- Born: 1922 Tripoli, Lebanon
- Died: c. March 1980 (aged 57–58) Lebanon
- Other names: Salim El-Lozi; Salim Al-Lawzi
- Occupation: Journalism
- Known for: Founder and editor-in-chief of Al Hawadeth weekly

= Salim Lawzi =

Lebanese journalist (1922–1980)

Salim Lawzi (سليم اللوزي) (1922 – c. March 1980), alternatively written Salim El-Lozi or Salim Al-Lawzi, was a well-known Lebanese journalist and publisher, founder and editor-in-chief of the weekly Al Hawadeth magazine. Lawzi died after being kidnapped on 25 February 1980, then brutally tortured and murdered. His body was found on 4 March 1980. Neither precise date of death nor the identity of killers was revealed, but it was widely suspected that the assassination was ordered and/or executed by the Syrian Intelligence.

Lawzi had established a number of publications, and most notably the Lebanese Al Hawadeth magazine (الحوادث), which he had turned into one of the biggest and most prominent pan-Arab political weekly publications.

==Early life and education==
Lawzi was born in Tripoli, Lebanon, in 1922 and had his studies at Sanayeh school in Beirut.

==Career==
Lawzi travelled to Jaffa, Palestine in the early 1940s for better opportunities.
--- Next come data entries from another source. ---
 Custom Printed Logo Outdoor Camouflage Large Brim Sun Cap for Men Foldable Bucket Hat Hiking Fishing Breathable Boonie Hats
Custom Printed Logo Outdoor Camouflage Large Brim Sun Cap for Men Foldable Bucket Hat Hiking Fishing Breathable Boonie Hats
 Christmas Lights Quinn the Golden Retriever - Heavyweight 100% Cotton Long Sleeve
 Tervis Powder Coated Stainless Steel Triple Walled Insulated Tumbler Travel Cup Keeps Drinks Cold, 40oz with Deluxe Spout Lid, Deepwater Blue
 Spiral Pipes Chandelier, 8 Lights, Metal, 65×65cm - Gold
In 1944 he became a radio journalist in Near East Radio where he wrote radio plays. In the late 1940s, he quit the radio to start writing for the famous Egyptian Rose al-Yūsuf. He had to return to Beirut after criticizing the Egyptian Prime Minister and started writing for Lebanese Assayad weekly. After the 23 July Revolution in Egypt, he worked in Al Goumhour al Gadeed and correspondent to two publications, namely Al Musawwar and Al Kawakeb.

Becoming a renowned pan-Arab journalist and writer, he acquired Al Hawadeth in 1955. In 1957, it took the side of opposition to the Lebanese government during the rule of President Camille Chamoun, and because of his criticism was jailed and his magazine temporarily suspended in May 1957. He returned after release launching his weekly into a prominent pan-Arab weekly.
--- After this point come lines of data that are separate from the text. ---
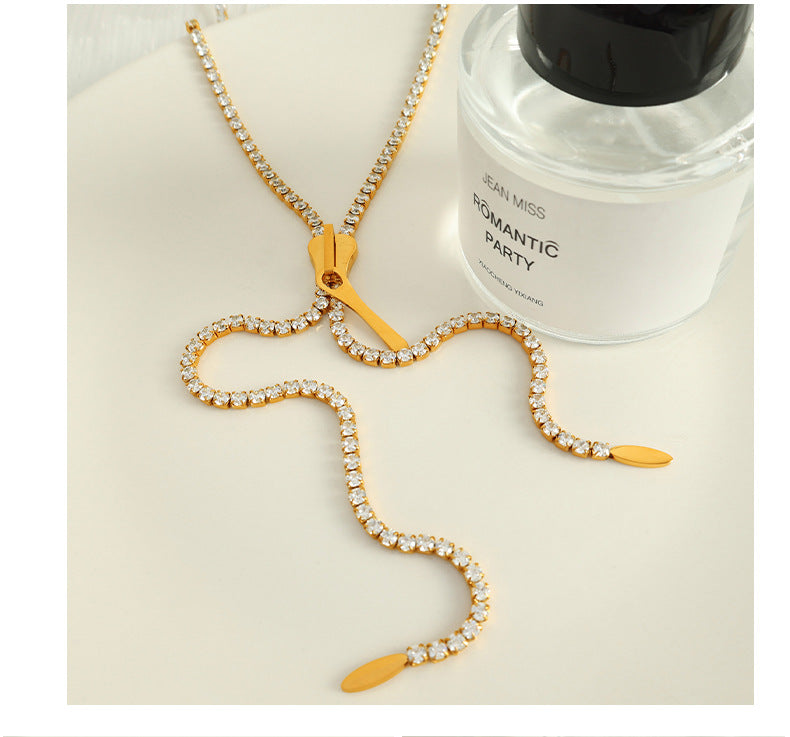 Diamond Long zipper Necklace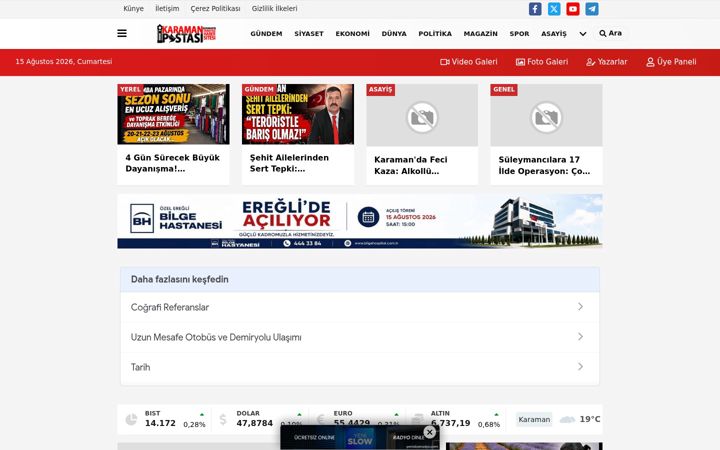 Screenshot of karamanpostasi.com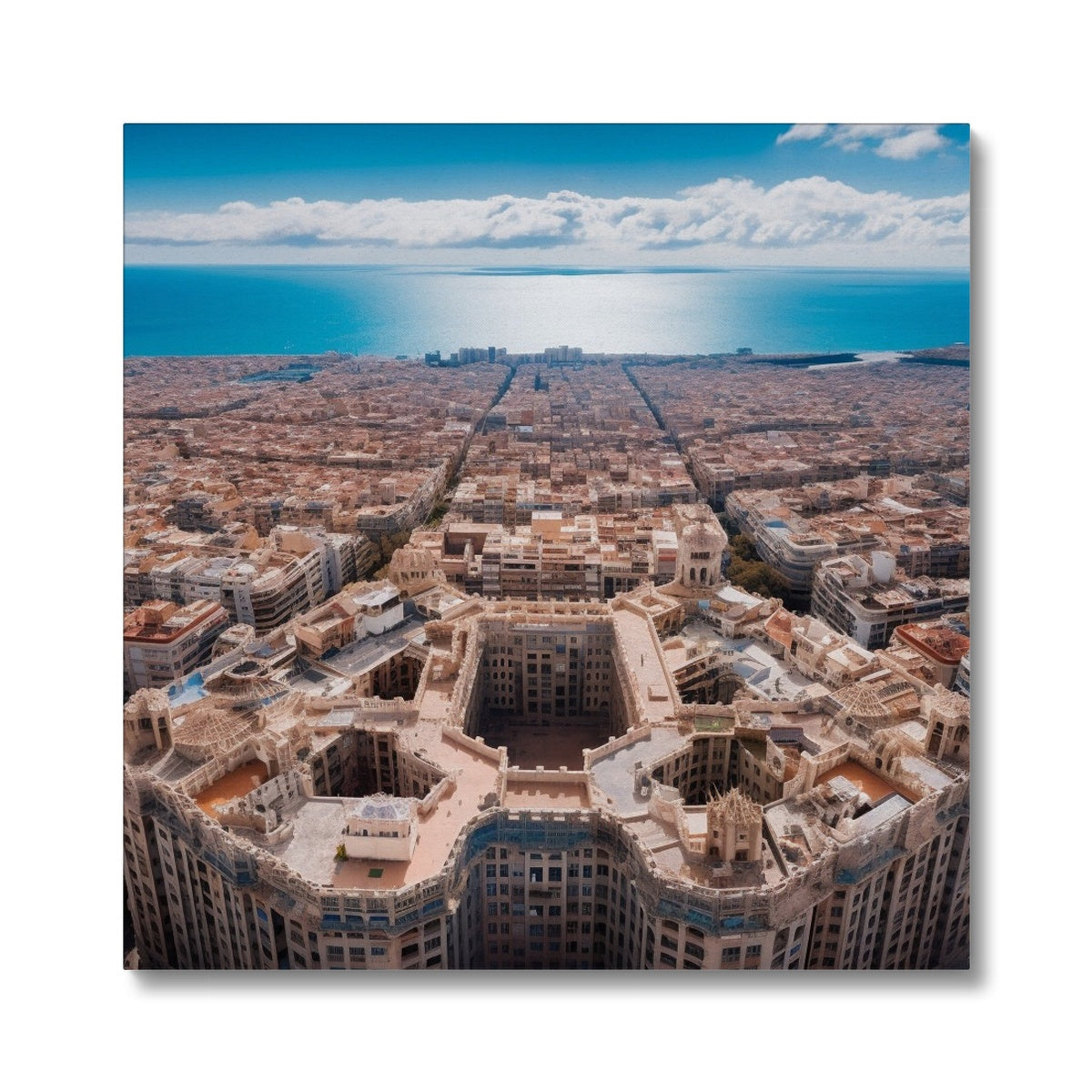 Barcelona Architecture From The Sky  Canvas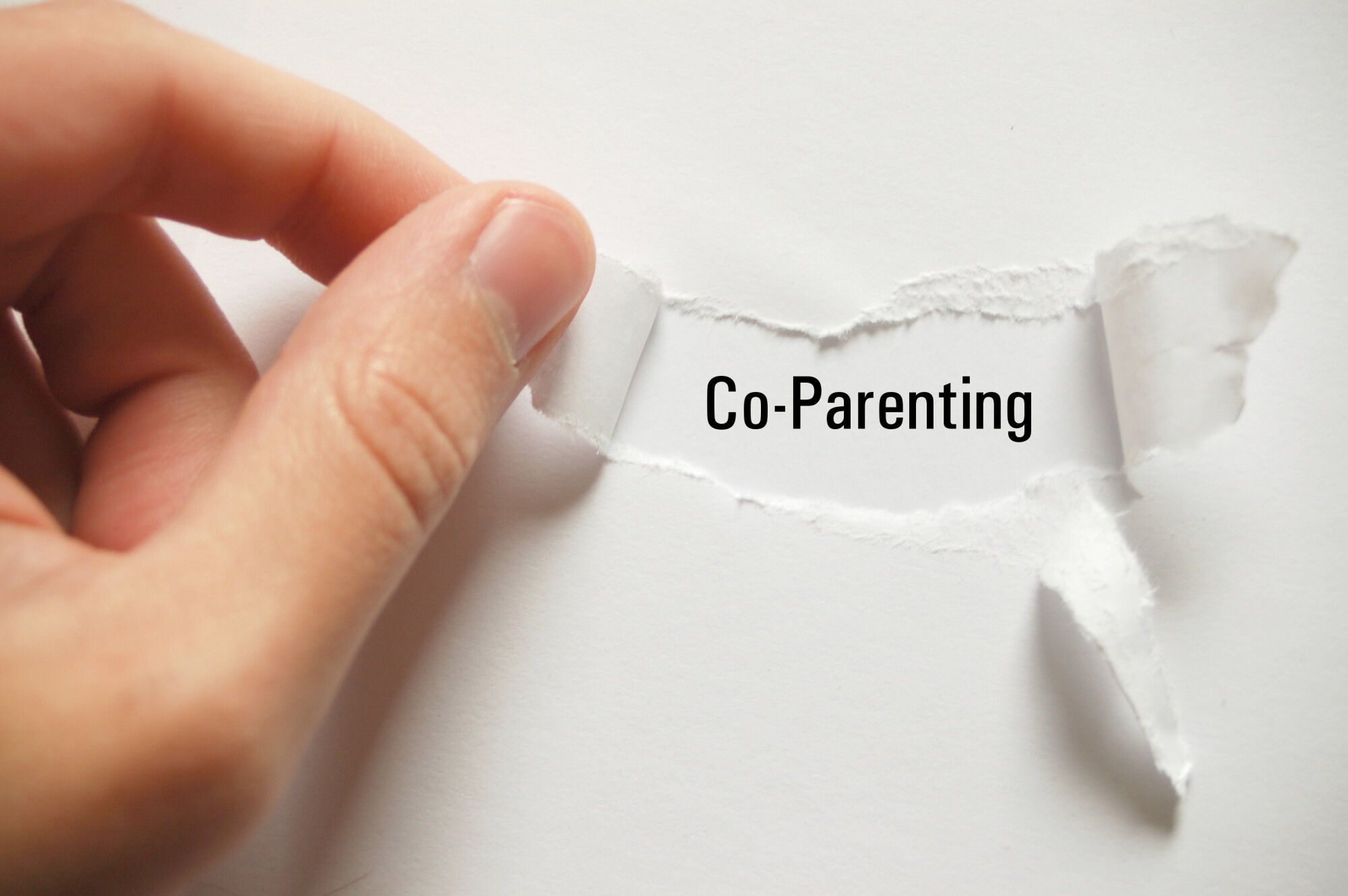 Hand reaches on white background and tears away piece to reveal words "Co-Parenting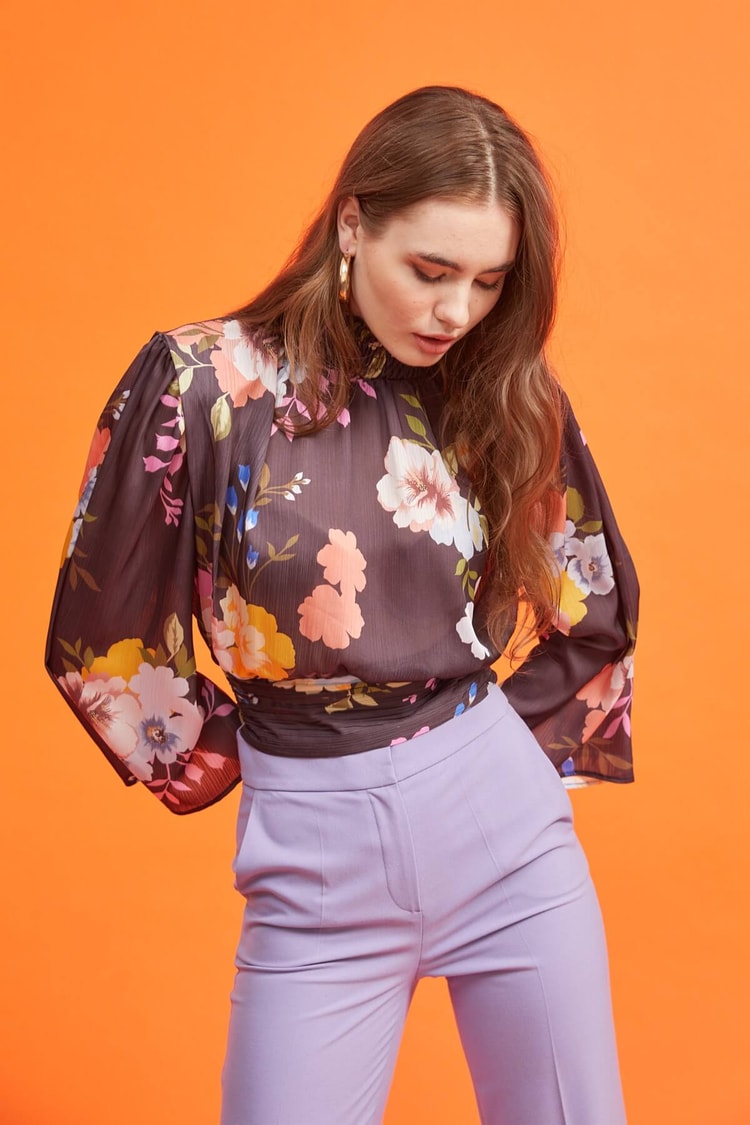 Kahverengi Floral Desen Vatkalı BluzST060S30586001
With the Lebanese Civil War of 1975, his criticism of the Syrian role in Lebanon escalated leading to serious threats on his life. The Hawadeth main building was destroyed during the war. Fearing for his life due to the threats he was receiving, Lawzi chose self-exile in London, from where he continued editing his magazine. He particularly criticized harshly the Syrian interference in Lebanon during the Lebanese Civil War. He wrote novels, including Al-Mouhajiroun, published in English translation as The Emigres (Allison and Busby, 1978).

==Kidnapping and death==
When his mother died in February 1980, Lawzi decided to return to Lebanon to attend her funeral. Despite close friends and relatives strongly advising him not to, he refused to listen and decided to return to Lebanon for a few days. After descending in Beirut International Airport, he was kidnapped by gunmen on the Airport Road on 25 February 1980. His heavily bruised tortured body was found nine days later on 4 March 1980 in Aramoun, on the outskirts of Beirut. Forensic reports found heavy signs of torture, including a broken and dislocated right arm, maimed and disjointed writing hand, fingers burnt and blackened through use of acid and phosphoric substances, pens pierced into abdomen and intestines (obvious messages in mutilation for other critics of Syria) and an assassination-style bullet in the head. Alleged perpetrator was the Syrian intelligence agents.